▸ **Your instructions**: Nothing may be left out of the listing below but its images; repeat the rest exactly.

▸ **Provided material**:
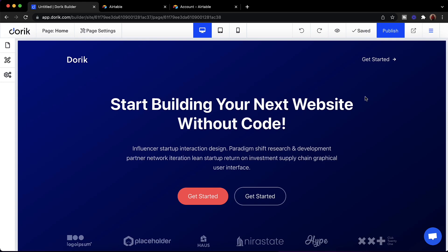Hello everyone, this is Mizan from Doric. I'm really excited to share that our Airtable integration is ready. Now you can build different types of websites using our Airtable integration. You can build a job board, you can build directories, and also you can show your Airtable data in different types of tables. So let's dive in and see how it works.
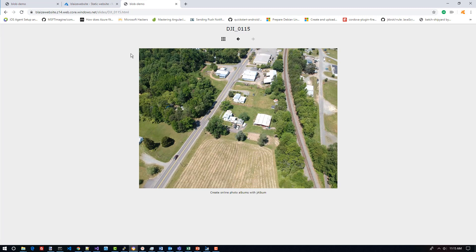There are a lot of options to extend this beyond just hosting the website, but this demo shows you how easy it is to set up a website on Azure to host static content simply using Azure Blob Storage Explorer and a few of the tools available within the context of Azure Blob Storage in general.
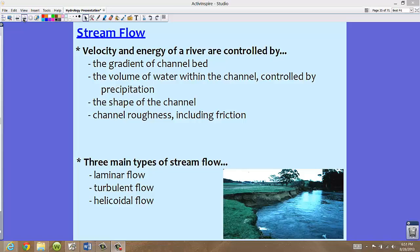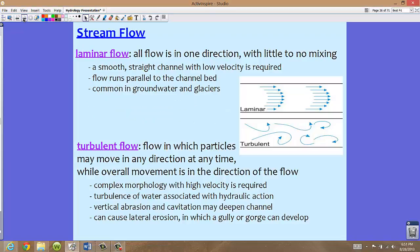There are three main types of stream flow, and we're going to talk about each of them in turn. We have laminar flow, turbulent flow, and helicoidal flow. Each of them does something a little bit different for the land. So let's take a look, first, at laminar flow.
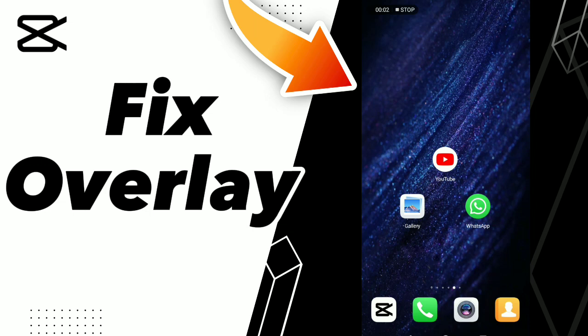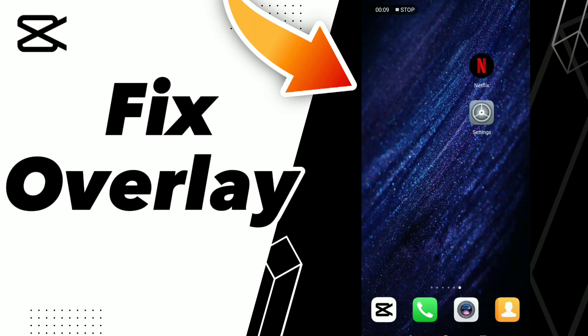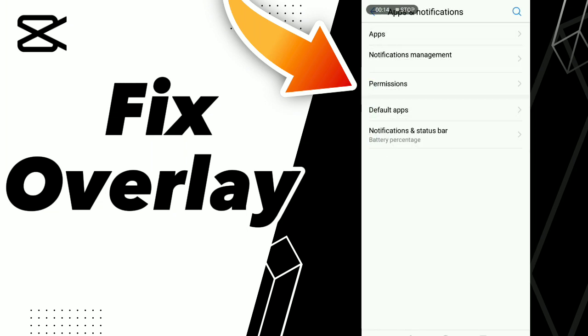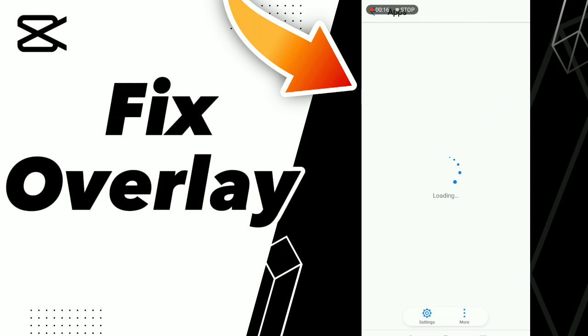How to fix overlay on CapCut. Hello guys, if you want to fix this problem on CapCut, first tip: go to Settings, click Apps and Notifications, click Apps, and wait a second.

▸ **The answer**:
Hello everyone, this is Mizan from Doric. I'm really excited to share that our Airtable integration is ready. Now you can build different types of websites using our Airtable integration. You can build a job board, you can build directories, and also you can show your Airtable data in different types of tables. So let's dive in and see how it works.
There are a lot of options to extend this beyond just hosting the website, but this demo shows you how easy it is to set up a website on Azure to host static content simply using Azure Blob Storage Explorer and a few of the tools available within the context of Azure Blob Storage in general.
There are three main types of stream flow, and we're going to talk about each of them in turn. We have laminar flow, turbulent flow, and helicoidal flow. Each of them does something a little bit different for the land. So let's take a look, first, at laminar flow.
How to fix overlay on CapCut. Hello guys, if you want to fix this problem on CapCut, first tip: go to Settings, click Apps and Notifications, click Apps, and wait a second.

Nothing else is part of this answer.